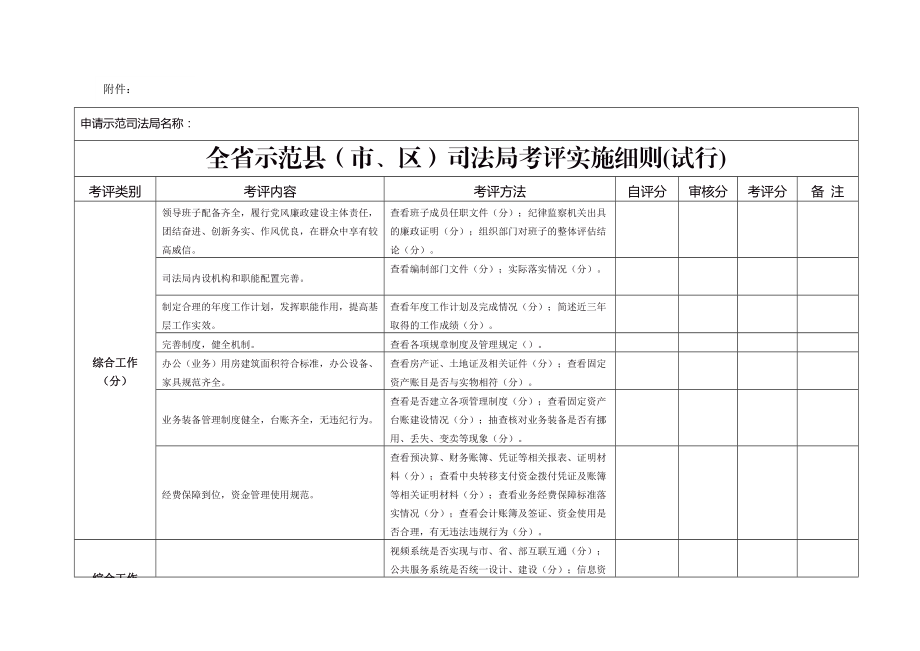 申请示范司法局名称.doc_第1页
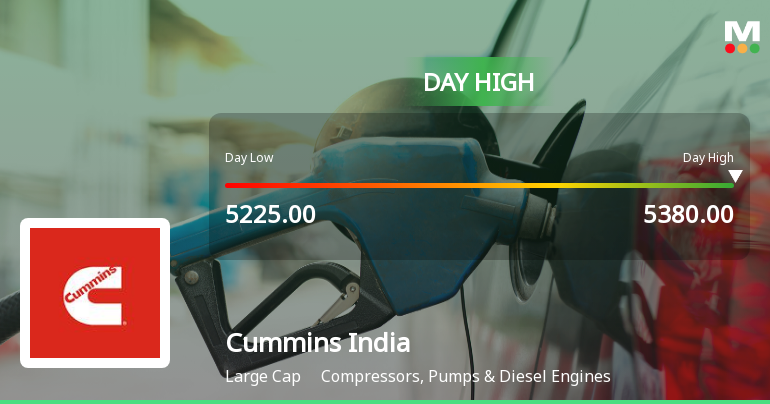 Cummins India Ltd. Rallies 3.13% and Approaches 52-Week High — Momentum Builds in Diesel Engines Sector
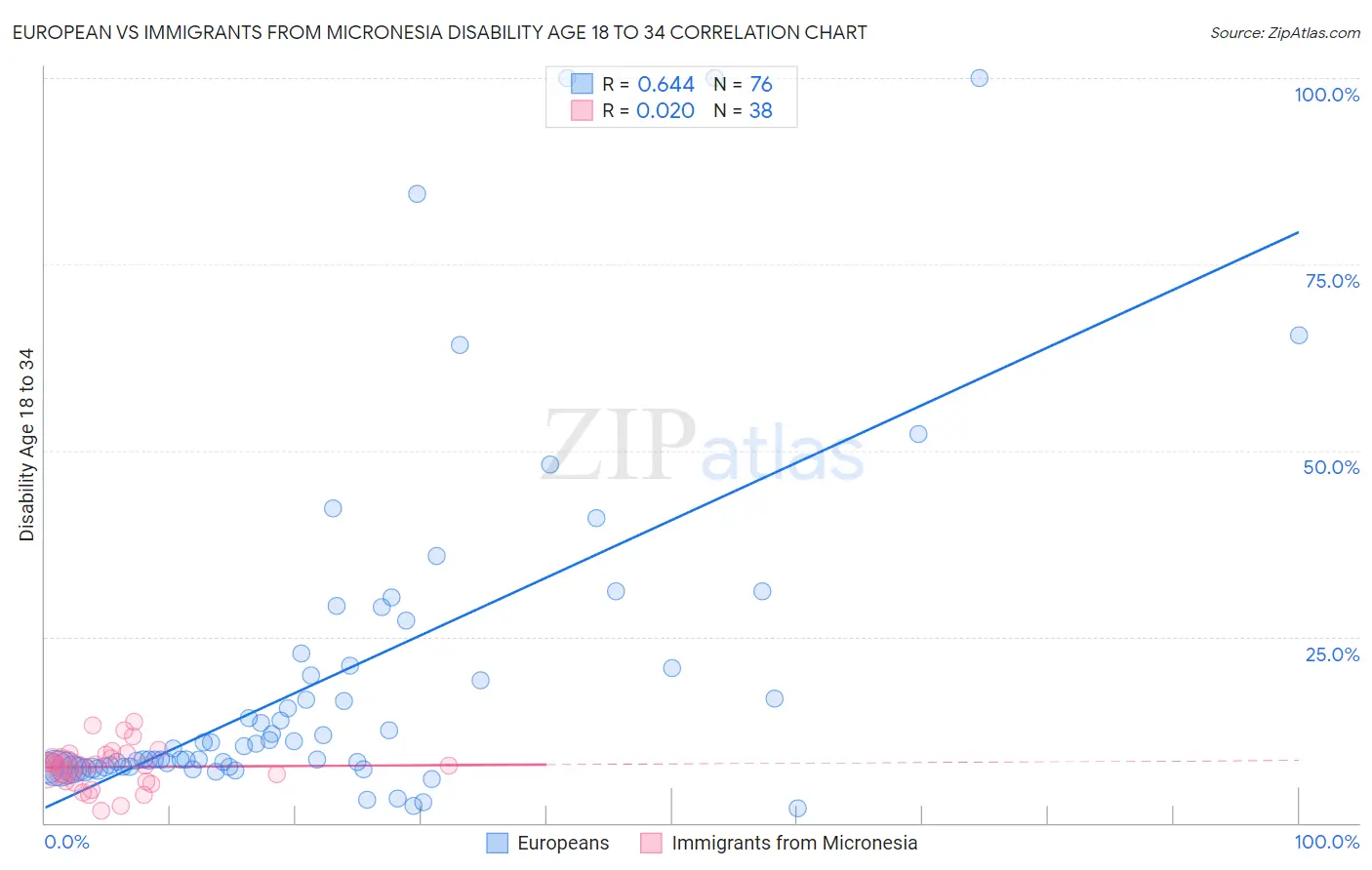 European vs Immigrants from Micronesia Disability Age 18 to 34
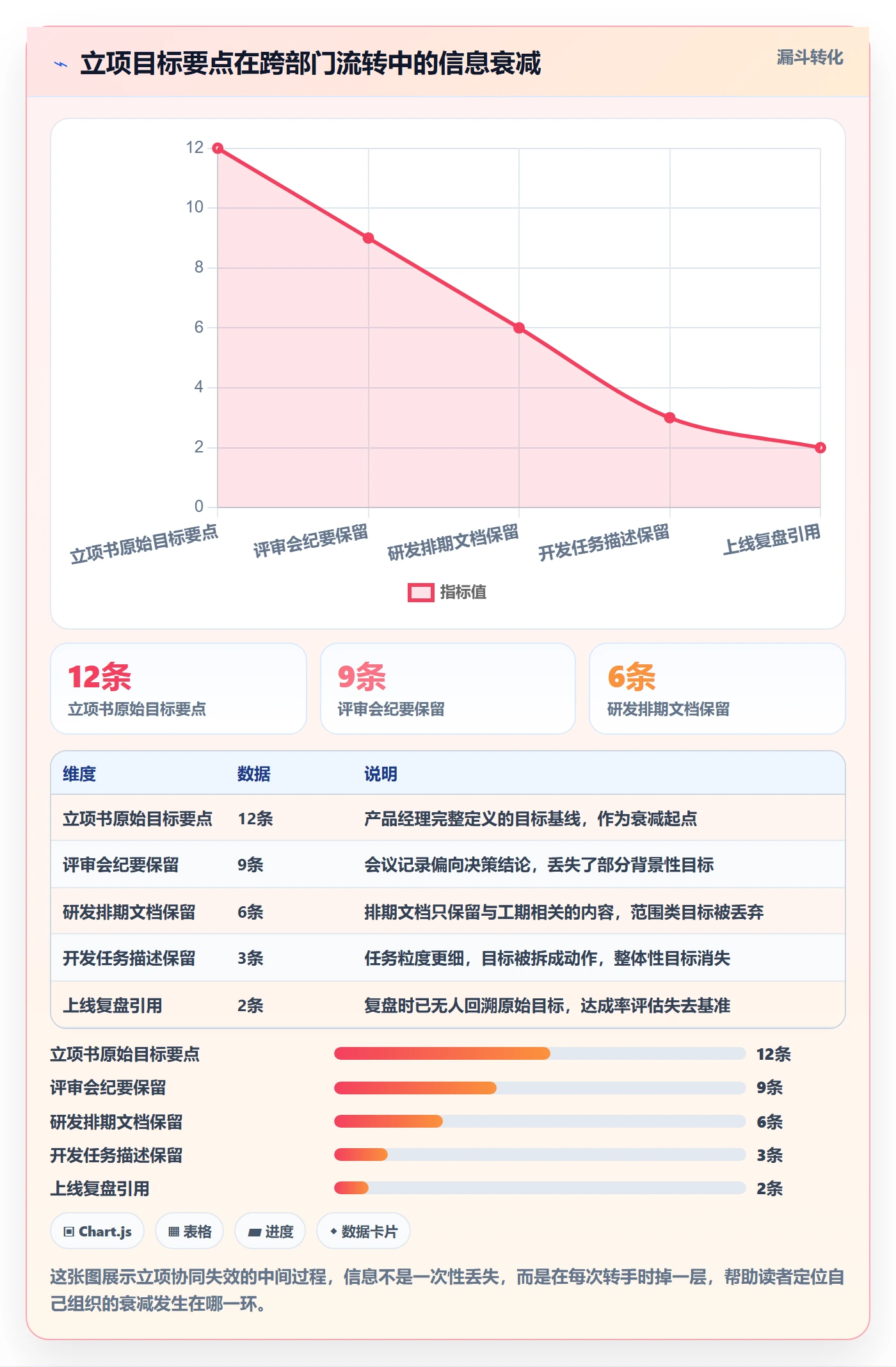 项目目标流程与规范:产品经理项目立项协同管理关键指标
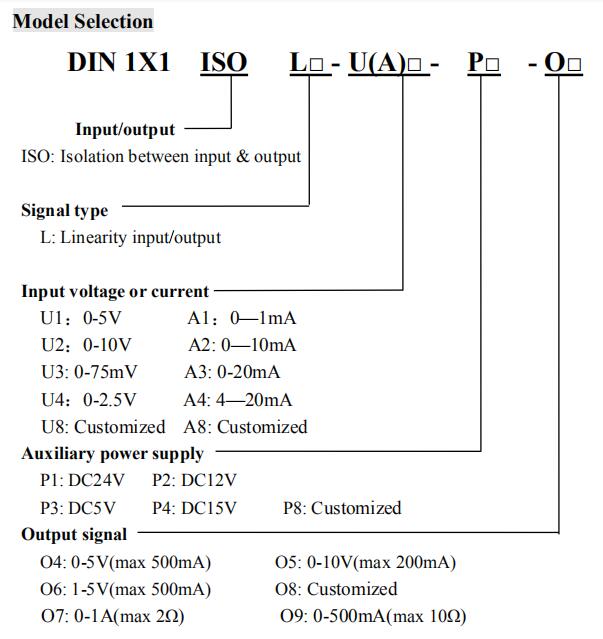 Model Selection
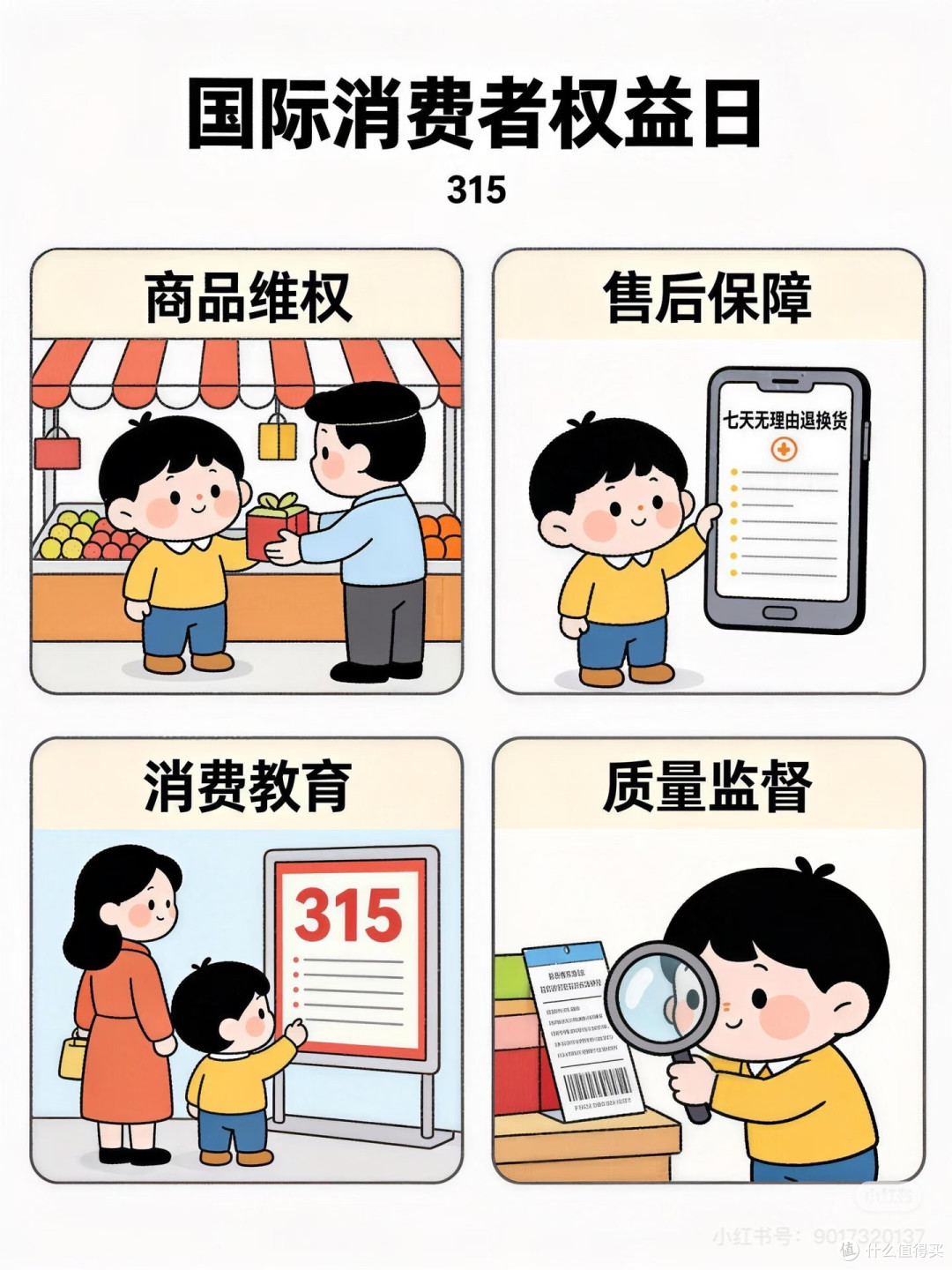 提升识假能力,保障放心消费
= = = = = = =
### To do:
Could you output every record above exactly as it appears, without the pictures?

### Answer to this problem:
 申请示范司法局名称.doc_第1页
 Cummins India Ltd. Rallies 3.13% and Approaches 52-Week High — Momentum Builds in Diesel Engines Sector
 European vs Immigrants from Micronesia Disability Age 18 to 34
 项目目标流程与规范:产品经理项目立项协同管理关键指标
 Model Selection
 提升识假能力,保障放心消费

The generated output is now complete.